Buoyed by the encouragement, Mr Galley continued to leak. He told Mr Green about a failed asylum seeker working as a cleaner at the House of Commons. And while working in the office of two Labour political advisers at the Home Office, he gained access to whips’ lists on how Labour MPs were likely to vote on the Counter Terrorism Bill, which proposed introducing 42 days’ detention without charge.
These were handed over to Mr Green during meetings at Westminster Tube station. Finally, he leaked details of the anticipated effects of the recession on crime and immigration. All were used to embarrass the Government. Asked whether leaking had given him a thrill, Mr Galley replied: “There was a sense of achievement in getting this information into the public domain. But then I’d think, ‘For God’s sake, what have I done?’ ”
After the leak of the whips’ list, Mr Galley was interviewed as part of a Cabinet Office leak inquiry, but he was not identified as the mole. But when Scotland Yard was called in by Sir David Normington, the Permanent Secretary at the Home Office, Mr Galley quickly came under suspicion.
He was arrested at his home at 5.30am on November 19 last year. He decided to tell the police everything.“I rang [Mr Green] on the 20th to tell him I had been arrested and he put me in contact with someone from Liberty,” said Mr Galley. “I told him that I had given the police his name so he had plenty of advance warning . . . That was the last time he spoke to me.”
This has left Mr Galley disappointed. He says he was given an impression that the party would find work for him if he was exposed. “I started asking Damian if he would ask about vacancies in the middle [of the relationship] and he said he would,” said Mr Galley. “When I was interviewed by the Cabinet Office for the leak of the first whips’ list I telephoned Damian and told him I had been interviewed and he said, ‘If you are fired, we will look after you’. He did not actually say, ‘We will get you a job’, but I took it to mean that they would find me work. I think that is a pretty reasonable interpretation.”
Mr Galley says that the MP never crossed the line in actively encouraging him to leak documents; that would have been a criminal offence. However, the impression lingers that he was used.

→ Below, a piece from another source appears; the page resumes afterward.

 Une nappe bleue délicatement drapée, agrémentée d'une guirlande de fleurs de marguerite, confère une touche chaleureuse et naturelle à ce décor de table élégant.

Asked if he felt he was groomed, Mr Galley replied: “Groomed? No. But cultivated? Yes.
“I think they were trying to form some kind of relationship at that first meeting. I know that to get two [Shadow] ministers together at the same time to see someone as lowly as I was is pretty difficult. As I wasn’t offering anything it does seem pretty strange.”
A Conservative official said last night that Mr Galley had never been offered employment. “Mr Galley first approached David Davis in 2006, saying that there were serious problems inside the immigration system. This was why a meeting took place. Shadow ministers routinely meet with a wide variety of people, at all levels, relating to their subject area.
“Chris Galley was emphatically not offered a job by Mr Green. Mr Galley sent a letter applying for a job with Mr Green in November 2006 and was not successful.”
Mr Galley is now living on dwindling savings and has had no luck finding a job. “I think people worry that I might not be trustworthy, but I can only assure them that I am,” he said. “I leaked on points of political principle. But the next chance I get, I’ll leave my politics behind.”